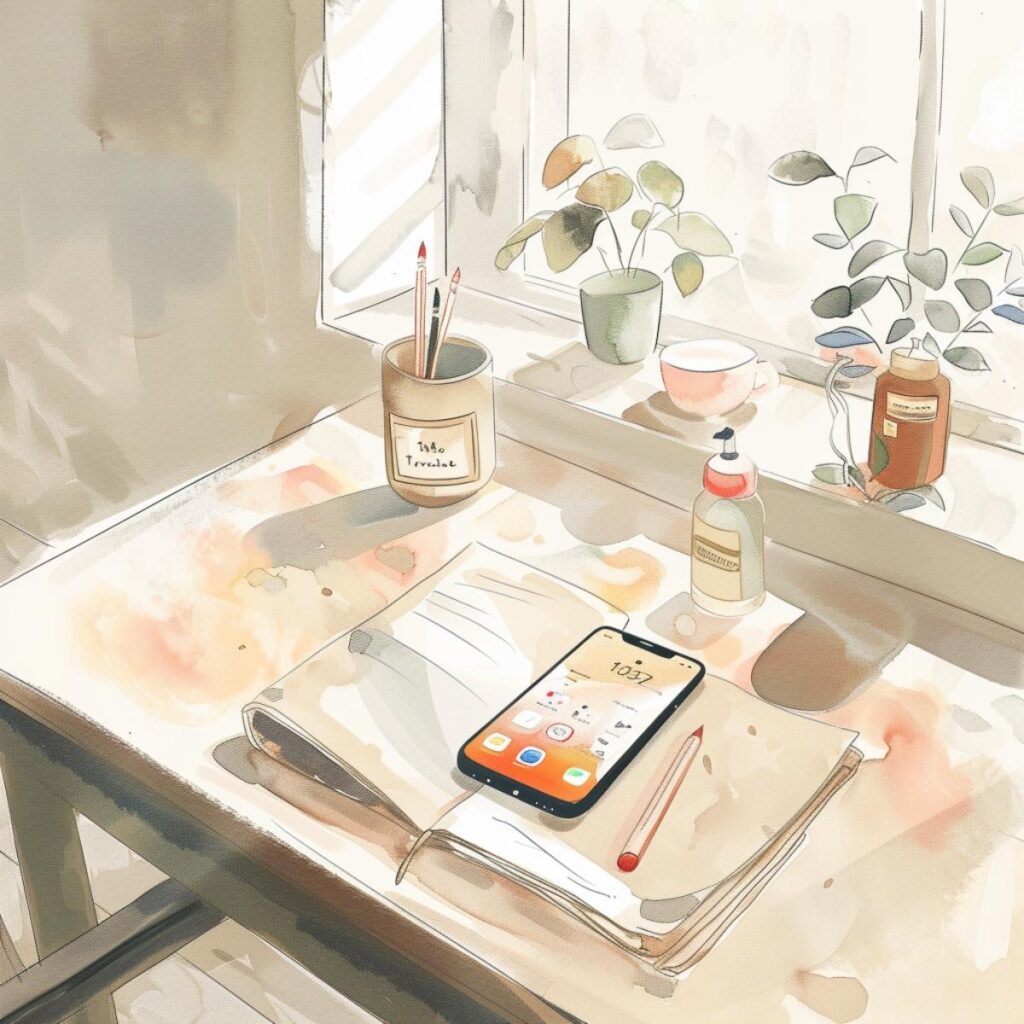 Cozy workspace with plants, phone, and stationery for minimalistic living and productivity.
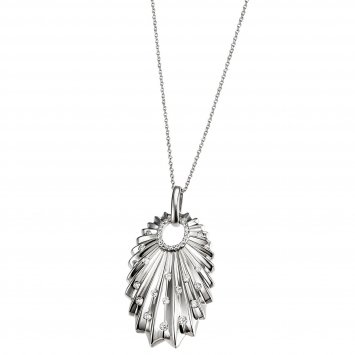 Anhänger mit Kette 925 Sterling Silber  Glänzend  Zirkonia weiß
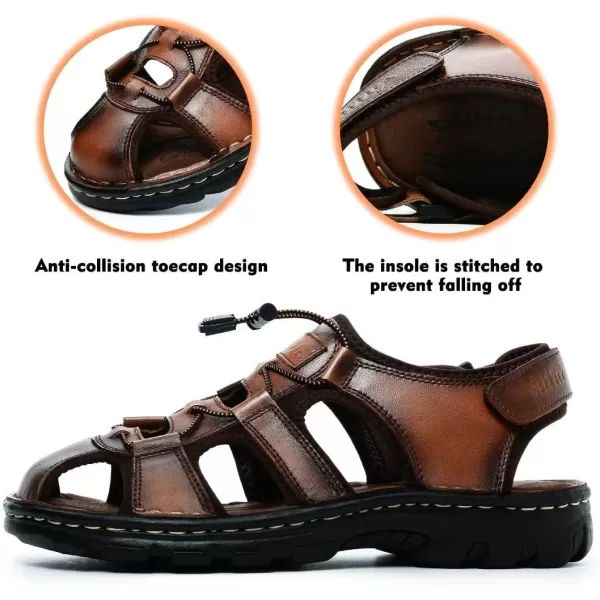 Arkbird Mens Sandals Closed Toe Leather Fisherman Outdoor Hiking Sport Shoes SummerBrown71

------------------------------------------------

■ PROBLEM REQUIREMENTS ■
The reply should consist only of the lines running from the one with "Anhänger mit Kette" through the end of the material, both included, copied exactly; please omit pictures.

■ EXERCISE OUTPUT ■
 Anhänger mit Kette 925 Sterling Silber  Glänzend  Zirkonia weiß
 Arkbird Mens Sandals Closed Toe Leather Fisherman Outdoor Hiking Sport Shoes SummerBrown71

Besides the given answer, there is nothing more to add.